Marcus Rashford’s magic is more than just a goal scorer
Mark Keohane, writing in Keo’s Corner for IOL Sport.
Manchester United’s Marcus Rashford became only the second player in the club’s history after manager Ole Gunnar Solskjaer to score a hat rick as a substitute.
Rashford scored three goals in just 18 minutes at Old Trafford in the Champions League 5-0 win against RB Leipzig, but what gave Rashford even more satisfaction than his on-field heroics was that more than a million people had signed his petition for the government to provide free meals to every child at school.
Rashford this year has made it his mission to ensure children don’t go hungry, and in the past few weeks thousands of cafés, local businesses and restaurants in the United Kingdom have contributed to free school meals.
Rashford’s fight against poverty isn’t confined to the classroom. His biggest concern is for those children who don’t get access to regular meals when they aren’t at school, and his biggest supporter is his 89 year-old great-great grandmother Flo Osborne, who bakes pies to feed children.
Rashford’s on-going efforts saw him honoured with an MBE, but he insisted all that mattered to him was that another child would get a meal if the plight of poverty was at the forefront of everyone’s social consciousness.
Anderton Park Primary is just one of many schools in the United Kingdom who are recognizing Rashford as being much more than a brilliant soccer player. The school’s leadership, according to the Guardian Newspaper, asked its pupils to vote to name a classroom after someone whose values, humanity and achievements make them an enduring inspiration to children.
The school has rooms named after Michelle Obama and Muhammad Ali.
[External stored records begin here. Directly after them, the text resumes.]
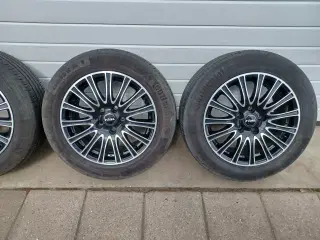 Saab alufælge med sommerdæk.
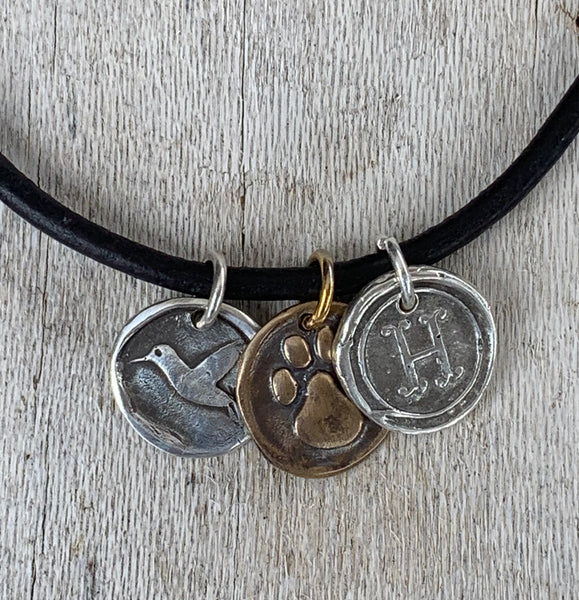 Four Legged Friend Memorial Leather Necklace with Sterling Silver Letter and Hummingbird Charms with Bronze Paw Charm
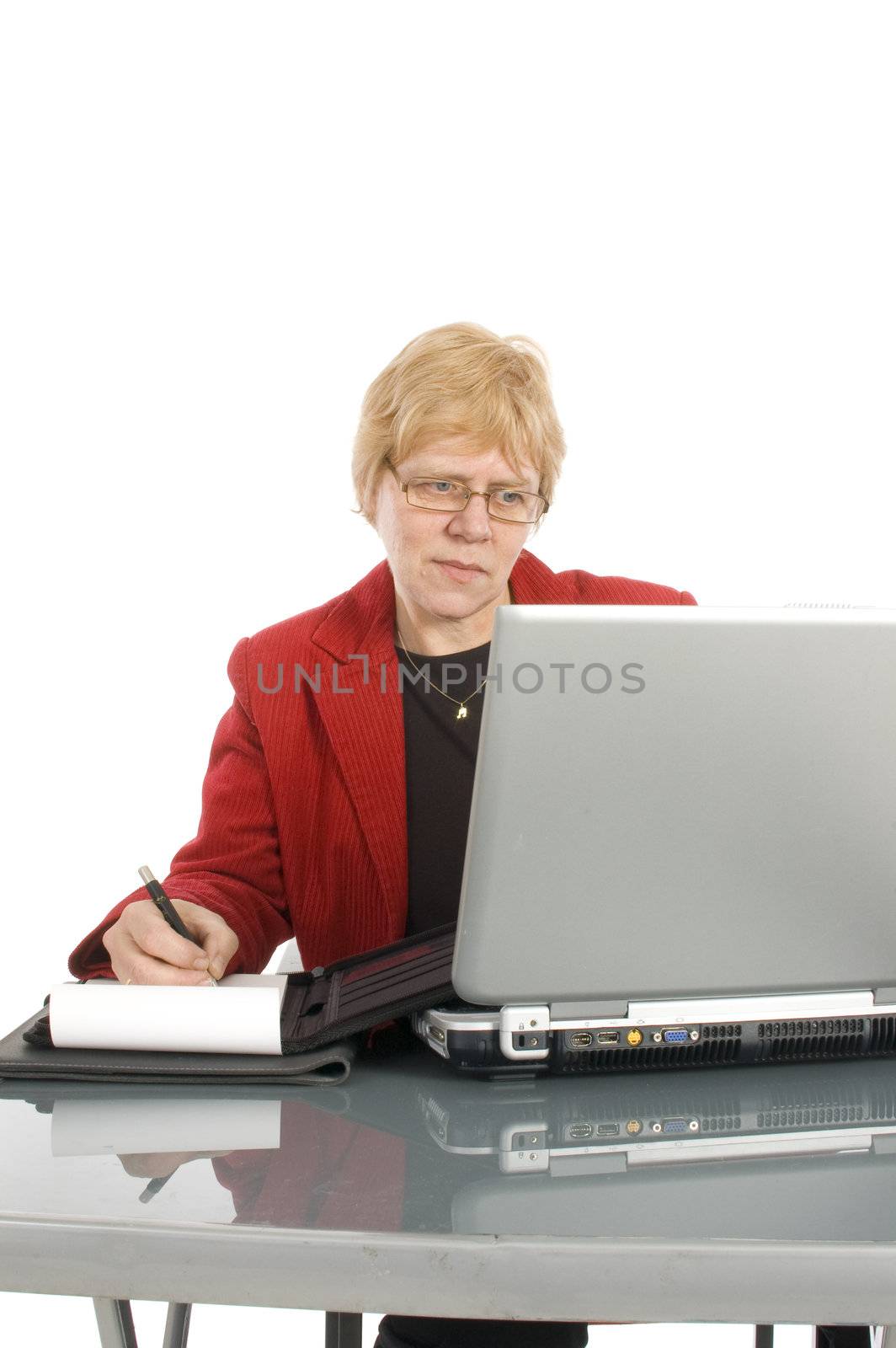 succesfull businesswoman is looking at her finance stats with a smile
Now Rashford’s name is up there with US civil rights activist Rosa Parks.
This is how the children described him: ‘Marcus is determined, polite, thoughtful, does not show off, which is why we like him so much. He does not give up. He inspires us to be great citizens and use our voices calmly and firmly. He loves his mum and knows he wouldn’t be where he is today without her strength.’
In a world of contradictions and hypocrisy, what an amazingly powerful compliment for Rashford, who like many of the children, was also a child who required free school meals because of his family’s struggles.
Sports people and celebrities have such powerful social media platforms, yet so few use this influence to inspire change and to put food on a plate for a child.
Compare what the footballer is doing, with his global reach, to what someone like Kim Kardashian did in the last week. The latter spent a million dollars on her 40th birthday and then boasted about flying her inner circle of people to a private island where they could ‘pretend things were normal just for a brief moment in time’.
Kardashian was lashed on social media for being tone deaf, insensitive and inappropriate.
‘We danced, rode bikes, swam near whales, kayaked, watched a movie on the beach and so much more. I realize that for most people, this is something that is so far out of reach right now, so in moments like these, I am humbly reminded of how privileged my life is,’ was among her posts.
‘Humbly reminded’ … Ouch!
If it is humility we are talking about, then read Rashford’s posts. The million he wrote about was the petition signature numbers and the other million was how many children had already been fed this year through free meals.
Those children who named a class room after Rashford, wrote of his authenticity, which, like humility, are not words you’d ever associate with the Kardashians.
We live in a world of opposites but thank goodness there is still a Marcus Rashford who is humbled enough to want to fight poverty and not ‘humbled’ because of privilege that comes with spending 1 million dollars on a 40th birthday.